Vasculhando meu armário, visto uma calça folgada e uma camiseta velha e marcho decidida para o pequeno apartamento que há em cima da garagem, onde uso como atelier.
Faz algumas horas que mandei Justin sair e vou usar toda a frustação e a raiva para criar algo novo e belo. Dizem que os artistas são sensíveis e quando canalizam um determinado sentimento, criam suas obras-primas. Pois sim! Agora estou cheia de sentimentos, o predominante: a raiva.
Paro de frente ao espaço vazio que quero cobrir, no corredor, e medindo mentalmente já sei qual é o tamanho da tela que terei que usar.
Vou decidida para o atelier, passando pela cozinha silenciosa; nem sinal da Sra. Williams a vista. Isso é bom, depois do meu ataque de grosseria, não quero enfrentá-la tão cedo.
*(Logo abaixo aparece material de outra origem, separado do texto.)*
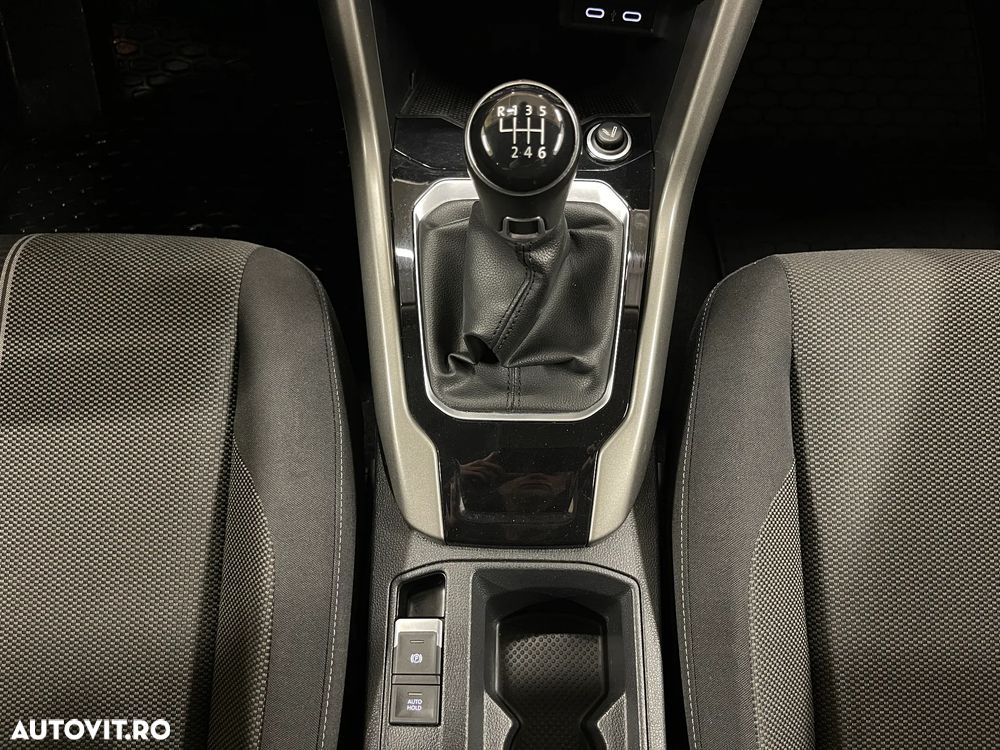 Volkswagen T-Roc 2.0 TDI Design - 25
No atelier, abro todas as cortinas e as janelas, respirando fundo o cheiro curtido de tinta e de produtos químicos. O cômodo tem uma luz natural impressionante, e assim que botei o primeiro pé aqui, eu sabia que seria meu atelier. As paredes, com prateleiras de madeira do chão ao teto, guardavam todo o material necessário para poder pintar: bisnagas de tinta óleo de cores variadas, todos os tipos de vernizes, todos os tipos de solventes, uma enorme variedade de pinceis, trapos, copos de plástico, paleta de apoio. Em uma das paredes, as prateleiras eram adaptadas para guardar telas em branco de vários tamanhos e também alguns cavaletes.
Num cavalete, no centro da sala, há um trabalho inacabado que não me lembro de ter começado. Uma vista das montanhas cobertas de neve, com o céu nublado e cheio de nuvens carregadas. Fico impressionada com meu trabalho ainda que não me lembre de ter dado nenhuma pincelada.
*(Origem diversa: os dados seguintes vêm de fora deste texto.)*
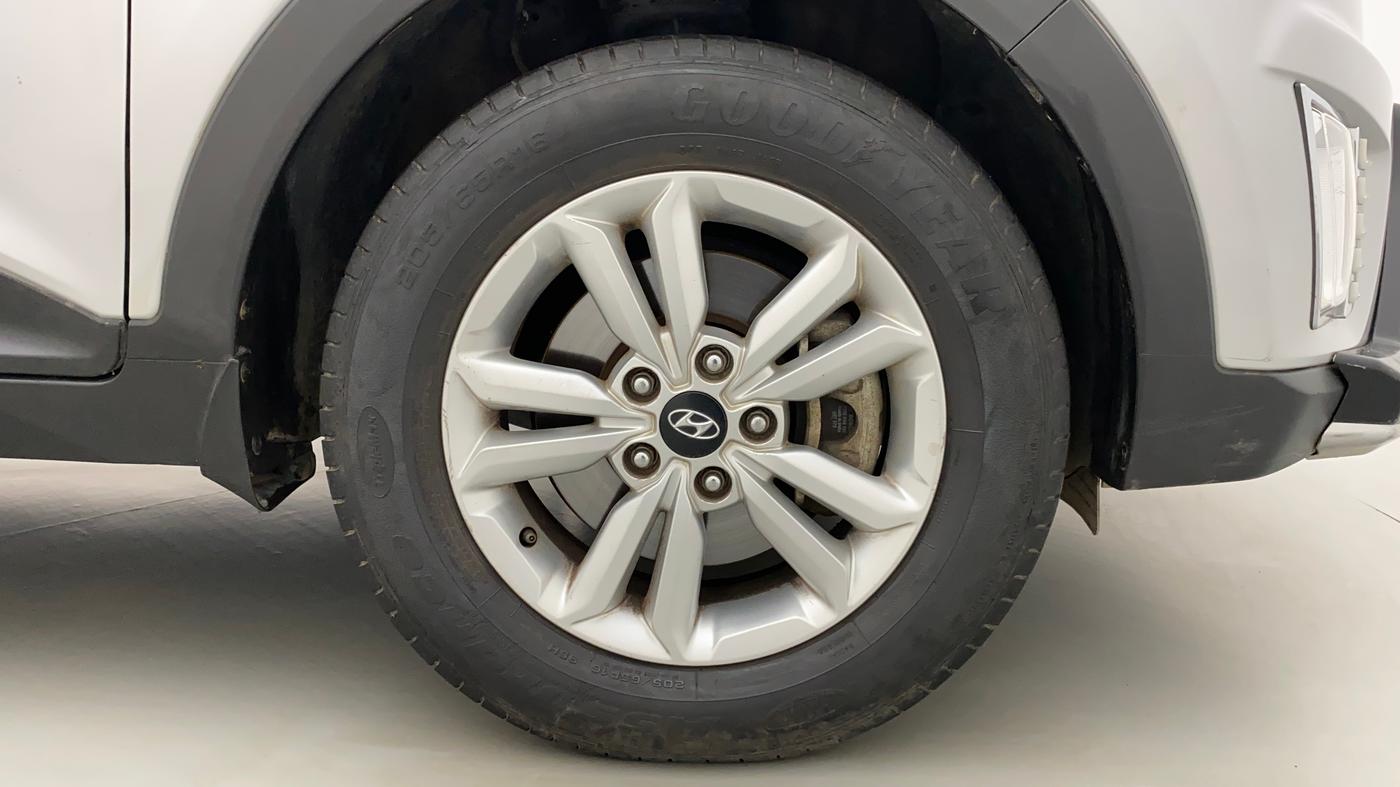 2015 Hyundai Creta SX PLUS 1.6 PETROL, Petrol, Manual, 51,328 km, Right Front Wheel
Avaliando o quadro, ainda faltando detalhes nas nuvens e alguns detalhes na vegetação, consigo sentir o que eu estava sentindo naquele momento. Mesmo sendo uma imagem carregada de violência, uma nevasca se aproximando, no instante em que foi pintado, eu estava em paz, calma e tranquila, consigo até mesmo perceber uma felicidade extrema.
Ando para lá e para cá, avaliando a pintura de todos os ângulos; não há nada nesta pintura que passe algo deprimente ou assustado, raiva ou qualquer outro sentimento carregado.
Estranho, penso, distraída. Será que o pintei em um dos meus surtos de sonambulismo?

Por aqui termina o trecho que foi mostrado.